Sen. Marco Rubio (R-Fla.) is in an awkward political position. On the one hand, he's an ambitious far-right Republican with national aspirations, who has generally enjoyed the fawning support of his party's base. On the other, Rubio helped write the comprehensive immigration reform bill that right-wing activists have decided they hate, and they aren't inclined to forgive him.
Indeed, at a recent Tea Party rally on Capitol Hill, activists were heard booing whenever Rubio's name came up. These are, of course, the same activists who helped elect the Floridian in 2010, and who Rubio will need when he seeks national office.
What to do? Rubio seems to think he has a solution: if the GOP's far-right base is unhappy with him sponsoring something they hate, he'll balance that out by sponsoring something else they love.
Sen. Marco Rubio (R-Fla.) will introduce a bill in the Senate banning abortions 20 weeks after conception, the Weekly Standard reported Tuesday.According to the Weekly Standard report, Rubio will announce his sponsorship of the measure after Congress returns from the July 4 recess.
If this sounds familiar, a 20-week ban was recently championed by Rubio's Republican allies in the House, who approved Rep. Trent Franks' (R-Ariz.) bill two weeks ago.
Would Rubio's 20-week ban pass the Senate? No. Could it get President Obama's signature? No. So why bother? Because Rubio seems to think he has some ground to make up on the right, and the way to do that is by pushing legally dubious restrictions on women's reproductive rights.
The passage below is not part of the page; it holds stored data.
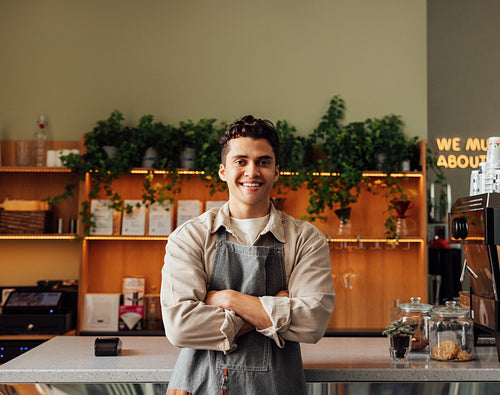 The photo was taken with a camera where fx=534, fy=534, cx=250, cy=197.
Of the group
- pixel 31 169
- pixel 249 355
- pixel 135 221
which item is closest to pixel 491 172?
pixel 249 355

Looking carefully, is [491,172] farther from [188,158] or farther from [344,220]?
[188,158]

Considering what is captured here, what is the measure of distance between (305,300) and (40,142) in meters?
3.22

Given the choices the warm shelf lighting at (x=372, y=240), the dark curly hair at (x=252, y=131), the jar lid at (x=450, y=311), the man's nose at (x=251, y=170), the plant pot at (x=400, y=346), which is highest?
the dark curly hair at (x=252, y=131)

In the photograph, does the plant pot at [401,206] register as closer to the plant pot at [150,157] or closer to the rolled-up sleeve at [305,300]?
the plant pot at [150,157]

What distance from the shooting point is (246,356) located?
5.40 feet

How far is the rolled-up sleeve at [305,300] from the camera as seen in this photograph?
1.64 m

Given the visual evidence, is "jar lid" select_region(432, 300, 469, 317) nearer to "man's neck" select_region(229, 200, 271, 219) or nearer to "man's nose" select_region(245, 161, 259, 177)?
"man's neck" select_region(229, 200, 271, 219)

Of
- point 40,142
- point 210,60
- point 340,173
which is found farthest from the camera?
point 210,60

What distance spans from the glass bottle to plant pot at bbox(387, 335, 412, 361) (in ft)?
10.4

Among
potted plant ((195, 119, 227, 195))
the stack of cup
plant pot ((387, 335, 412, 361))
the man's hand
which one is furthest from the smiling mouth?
potted plant ((195, 119, 227, 195))

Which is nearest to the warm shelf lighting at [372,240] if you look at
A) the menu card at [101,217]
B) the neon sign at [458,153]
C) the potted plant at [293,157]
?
the potted plant at [293,157]

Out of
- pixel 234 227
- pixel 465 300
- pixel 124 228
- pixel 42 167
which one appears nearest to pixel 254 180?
pixel 234 227

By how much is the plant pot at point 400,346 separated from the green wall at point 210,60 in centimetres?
264

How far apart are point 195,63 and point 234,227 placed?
9.62 ft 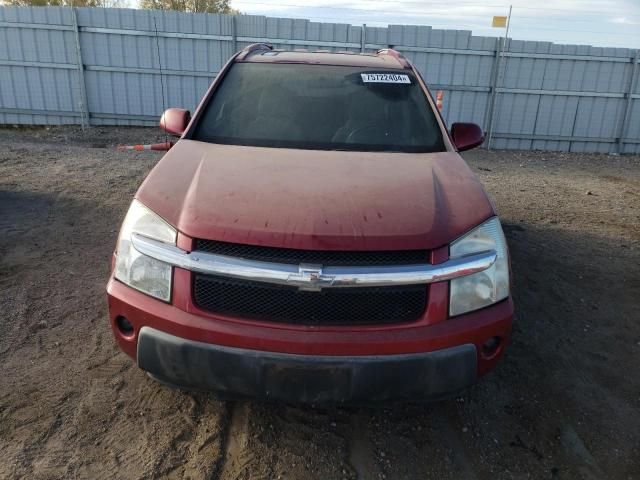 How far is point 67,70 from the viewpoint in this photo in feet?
37.0

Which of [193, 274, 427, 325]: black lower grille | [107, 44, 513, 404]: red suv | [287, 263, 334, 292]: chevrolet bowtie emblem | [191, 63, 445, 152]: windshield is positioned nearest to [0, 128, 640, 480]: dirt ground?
[107, 44, 513, 404]: red suv

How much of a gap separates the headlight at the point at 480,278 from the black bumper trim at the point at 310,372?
20cm

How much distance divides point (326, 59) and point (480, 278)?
237 centimetres

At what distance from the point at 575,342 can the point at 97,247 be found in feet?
13.3

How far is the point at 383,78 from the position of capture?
3768 millimetres

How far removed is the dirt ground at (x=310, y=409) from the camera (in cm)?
241

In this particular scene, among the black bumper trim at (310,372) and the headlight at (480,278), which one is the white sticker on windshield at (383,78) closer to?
the headlight at (480,278)

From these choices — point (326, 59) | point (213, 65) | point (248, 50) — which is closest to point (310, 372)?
point (326, 59)

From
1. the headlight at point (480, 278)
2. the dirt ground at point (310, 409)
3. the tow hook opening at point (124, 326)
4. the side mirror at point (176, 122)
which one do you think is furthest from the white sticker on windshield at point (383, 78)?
the tow hook opening at point (124, 326)

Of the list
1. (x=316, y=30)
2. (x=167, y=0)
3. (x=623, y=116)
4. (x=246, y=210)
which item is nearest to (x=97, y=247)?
(x=246, y=210)

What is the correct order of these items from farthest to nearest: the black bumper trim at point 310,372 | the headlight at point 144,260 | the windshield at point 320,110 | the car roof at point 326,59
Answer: the car roof at point 326,59 → the windshield at point 320,110 → the headlight at point 144,260 → the black bumper trim at point 310,372

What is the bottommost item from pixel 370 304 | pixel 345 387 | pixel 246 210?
pixel 345 387

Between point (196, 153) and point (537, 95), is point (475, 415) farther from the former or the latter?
point (537, 95)

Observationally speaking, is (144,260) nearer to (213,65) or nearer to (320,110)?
(320,110) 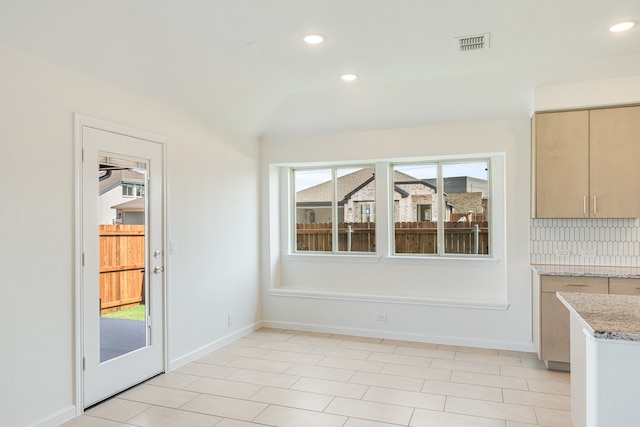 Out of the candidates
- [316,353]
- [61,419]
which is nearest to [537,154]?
[316,353]

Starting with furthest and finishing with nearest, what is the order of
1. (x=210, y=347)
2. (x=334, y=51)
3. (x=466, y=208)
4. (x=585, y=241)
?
(x=466, y=208) → (x=210, y=347) → (x=585, y=241) → (x=334, y=51)

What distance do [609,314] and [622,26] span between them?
2117 millimetres

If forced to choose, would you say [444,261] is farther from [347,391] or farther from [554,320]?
[347,391]

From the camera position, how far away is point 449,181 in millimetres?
5281

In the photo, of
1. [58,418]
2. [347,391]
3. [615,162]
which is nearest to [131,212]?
[58,418]

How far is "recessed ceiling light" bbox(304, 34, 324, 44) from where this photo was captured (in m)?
3.20

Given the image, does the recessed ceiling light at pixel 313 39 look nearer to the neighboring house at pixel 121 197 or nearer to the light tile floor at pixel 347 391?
the neighboring house at pixel 121 197

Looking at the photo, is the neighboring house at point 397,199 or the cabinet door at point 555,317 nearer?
the cabinet door at point 555,317

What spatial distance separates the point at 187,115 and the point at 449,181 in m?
2.97

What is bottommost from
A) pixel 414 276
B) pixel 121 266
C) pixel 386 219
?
pixel 414 276

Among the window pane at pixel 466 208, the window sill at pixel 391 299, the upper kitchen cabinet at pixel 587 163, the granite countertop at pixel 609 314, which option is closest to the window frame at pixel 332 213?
the window sill at pixel 391 299

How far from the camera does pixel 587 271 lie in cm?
401

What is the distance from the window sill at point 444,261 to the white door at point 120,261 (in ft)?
8.79

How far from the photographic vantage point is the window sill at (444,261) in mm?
5008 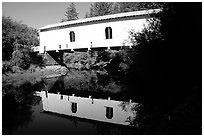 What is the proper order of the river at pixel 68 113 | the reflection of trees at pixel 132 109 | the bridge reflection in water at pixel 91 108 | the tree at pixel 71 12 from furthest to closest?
the tree at pixel 71 12, the bridge reflection in water at pixel 91 108, the reflection of trees at pixel 132 109, the river at pixel 68 113

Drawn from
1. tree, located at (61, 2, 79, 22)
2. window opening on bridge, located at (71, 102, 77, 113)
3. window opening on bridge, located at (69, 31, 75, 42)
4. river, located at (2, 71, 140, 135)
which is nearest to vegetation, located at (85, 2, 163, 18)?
tree, located at (61, 2, 79, 22)

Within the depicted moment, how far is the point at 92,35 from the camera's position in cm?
2216

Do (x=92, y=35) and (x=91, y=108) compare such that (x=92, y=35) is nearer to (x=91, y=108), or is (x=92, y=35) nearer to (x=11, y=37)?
(x=11, y=37)

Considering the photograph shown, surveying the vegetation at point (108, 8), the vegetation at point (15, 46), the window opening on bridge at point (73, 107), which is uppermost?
the vegetation at point (108, 8)

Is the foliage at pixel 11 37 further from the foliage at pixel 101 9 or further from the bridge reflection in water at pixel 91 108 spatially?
the foliage at pixel 101 9

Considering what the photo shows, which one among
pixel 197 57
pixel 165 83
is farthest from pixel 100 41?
pixel 197 57

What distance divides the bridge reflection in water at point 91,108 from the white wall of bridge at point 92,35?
882cm

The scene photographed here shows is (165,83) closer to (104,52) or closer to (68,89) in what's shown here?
(68,89)

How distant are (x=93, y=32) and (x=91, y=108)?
12.7 metres

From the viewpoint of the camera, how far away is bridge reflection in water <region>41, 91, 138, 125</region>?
8845 millimetres

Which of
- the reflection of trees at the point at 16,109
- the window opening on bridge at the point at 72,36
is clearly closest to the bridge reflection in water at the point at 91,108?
the reflection of trees at the point at 16,109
Taken together, it's hard not to notice what the Republican Party and its activist base consider truly important in 2013. Look no further than Texas and North Carolina and Alabama and Kansas and Indiana and South Dakota and Mississippi and the U.S. House and soon the U.S. Senate.
Remember when Republicans spent 2010 running around the country asking, "Where are the jobs?" They got elected, shifted their attention to the culture war, and haven't asked the question since.